(Dataset entries)
---+---
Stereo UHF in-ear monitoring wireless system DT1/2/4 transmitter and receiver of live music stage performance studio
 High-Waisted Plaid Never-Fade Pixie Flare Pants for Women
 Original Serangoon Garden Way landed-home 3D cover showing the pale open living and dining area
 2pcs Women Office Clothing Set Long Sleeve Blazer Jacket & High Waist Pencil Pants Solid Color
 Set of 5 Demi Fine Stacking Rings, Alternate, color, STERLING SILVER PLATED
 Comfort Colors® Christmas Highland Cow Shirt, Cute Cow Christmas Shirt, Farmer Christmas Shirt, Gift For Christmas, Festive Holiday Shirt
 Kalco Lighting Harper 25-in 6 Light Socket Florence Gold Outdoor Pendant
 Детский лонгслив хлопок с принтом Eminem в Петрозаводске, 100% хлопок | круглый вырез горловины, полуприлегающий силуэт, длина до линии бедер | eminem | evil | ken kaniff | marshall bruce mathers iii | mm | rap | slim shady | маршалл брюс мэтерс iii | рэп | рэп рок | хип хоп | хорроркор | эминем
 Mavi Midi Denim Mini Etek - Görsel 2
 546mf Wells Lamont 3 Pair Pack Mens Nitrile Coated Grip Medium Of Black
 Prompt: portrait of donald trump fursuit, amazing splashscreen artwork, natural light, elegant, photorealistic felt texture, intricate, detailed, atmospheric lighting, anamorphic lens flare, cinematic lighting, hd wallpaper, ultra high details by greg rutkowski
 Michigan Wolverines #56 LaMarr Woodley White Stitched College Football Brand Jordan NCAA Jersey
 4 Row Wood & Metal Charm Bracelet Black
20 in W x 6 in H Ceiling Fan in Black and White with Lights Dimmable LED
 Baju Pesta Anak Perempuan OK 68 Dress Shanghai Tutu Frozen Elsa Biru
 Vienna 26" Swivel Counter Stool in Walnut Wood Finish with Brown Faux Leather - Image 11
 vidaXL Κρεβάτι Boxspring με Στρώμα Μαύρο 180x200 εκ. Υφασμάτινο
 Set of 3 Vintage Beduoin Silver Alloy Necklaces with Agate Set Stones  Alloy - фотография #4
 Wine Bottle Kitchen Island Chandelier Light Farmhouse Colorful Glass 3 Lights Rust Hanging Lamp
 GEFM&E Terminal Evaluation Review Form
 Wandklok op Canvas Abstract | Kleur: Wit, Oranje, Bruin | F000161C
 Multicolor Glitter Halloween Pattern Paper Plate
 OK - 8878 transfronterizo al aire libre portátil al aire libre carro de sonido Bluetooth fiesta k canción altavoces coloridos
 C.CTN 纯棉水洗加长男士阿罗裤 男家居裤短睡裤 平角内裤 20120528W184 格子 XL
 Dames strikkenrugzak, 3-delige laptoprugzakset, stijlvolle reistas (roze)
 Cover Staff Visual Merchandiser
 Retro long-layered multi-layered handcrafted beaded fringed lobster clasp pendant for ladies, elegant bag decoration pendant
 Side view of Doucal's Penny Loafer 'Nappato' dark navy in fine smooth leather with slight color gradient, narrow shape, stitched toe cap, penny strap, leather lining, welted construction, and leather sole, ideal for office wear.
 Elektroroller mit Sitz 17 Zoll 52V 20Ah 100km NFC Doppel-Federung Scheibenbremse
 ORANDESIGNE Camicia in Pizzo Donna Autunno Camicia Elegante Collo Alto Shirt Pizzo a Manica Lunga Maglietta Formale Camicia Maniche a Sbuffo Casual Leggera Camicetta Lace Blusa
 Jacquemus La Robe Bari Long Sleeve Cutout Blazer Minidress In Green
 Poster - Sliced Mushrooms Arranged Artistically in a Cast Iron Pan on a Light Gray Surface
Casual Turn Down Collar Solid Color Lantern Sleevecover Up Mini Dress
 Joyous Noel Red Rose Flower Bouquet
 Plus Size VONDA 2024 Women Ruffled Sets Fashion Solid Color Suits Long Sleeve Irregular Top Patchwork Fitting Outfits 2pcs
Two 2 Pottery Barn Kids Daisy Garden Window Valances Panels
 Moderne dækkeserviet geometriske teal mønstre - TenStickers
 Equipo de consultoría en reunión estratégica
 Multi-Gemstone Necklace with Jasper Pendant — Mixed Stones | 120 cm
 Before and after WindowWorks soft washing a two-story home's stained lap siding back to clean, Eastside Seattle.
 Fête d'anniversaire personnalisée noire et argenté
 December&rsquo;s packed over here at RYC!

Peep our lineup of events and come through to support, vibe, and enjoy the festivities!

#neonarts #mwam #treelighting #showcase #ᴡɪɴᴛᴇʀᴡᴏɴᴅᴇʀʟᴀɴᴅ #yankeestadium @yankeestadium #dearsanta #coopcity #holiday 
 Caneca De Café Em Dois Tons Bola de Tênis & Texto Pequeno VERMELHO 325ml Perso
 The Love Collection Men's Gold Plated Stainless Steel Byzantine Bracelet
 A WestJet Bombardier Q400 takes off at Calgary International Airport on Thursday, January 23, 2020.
---+---
Copy out only the lines above from the one with "Prompt: portrait of" to the one with "Cover Staff Visual Merchandiser", inclusive, exactly as they stand.

§ EXERCISE SOLUTION:
 Prompt: portrait of donald trump fursuit, amazing splashscreen artwork, natural light, elegant, photorealistic felt texture, intricate, detailed, atmospheric lighting, anamorphic lens flare, cinematic lighting, hd wallpaper, ultra high details by greg rutkowski
 Michigan Wolverines #56 LaMarr Woodley White Stitched College Football Brand Jordan NCAA Jersey
 4 Row Wood & Metal Charm Bracelet Black
20 in W x 6 in H Ceiling Fan in Black and White with Lights Dimmable LED
 Baju Pesta Anak Perempuan OK 68 Dress Shanghai Tutu Frozen Elsa Biru
 Vienna 26" Swivel Counter Stool in Walnut Wood Finish with Brown Faux Leather - Image 11
 vidaXL Κρεβάτι Boxspring με Στρώμα Μαύρο 180x200 εκ. Υφασμάτινο
 Set of 3 Vintage Beduoin Silver Alloy Necklaces with Agate Set Stones  Alloy - фотография #4
 Wine Bottle Kitchen Island Chandelier Light Farmhouse Colorful Glass 3 Lights Rust Hanging Lamp
 GEFM&E Terminal Evaluation Review Form
 Wandklok op Canvas Abstract | Kleur: Wit, Oranje, Bruin | F000161C
 Multicolor Glitter Halloween Pattern Paper Plate
 OK - 8878 transfronterizo al aire libre portátil al aire libre carro de sonido Bluetooth fiesta k canción altavoces coloridos
 C.CTN 纯棉水洗加长男士阿罗裤 男家居裤短睡裤 平角内裤 20120528W184 格子 XL
 Dames strikkenrugzak, 3-delige laptoprugzakset, stijlvolle reistas (roze)
 Cover Staff Visual Merchandiser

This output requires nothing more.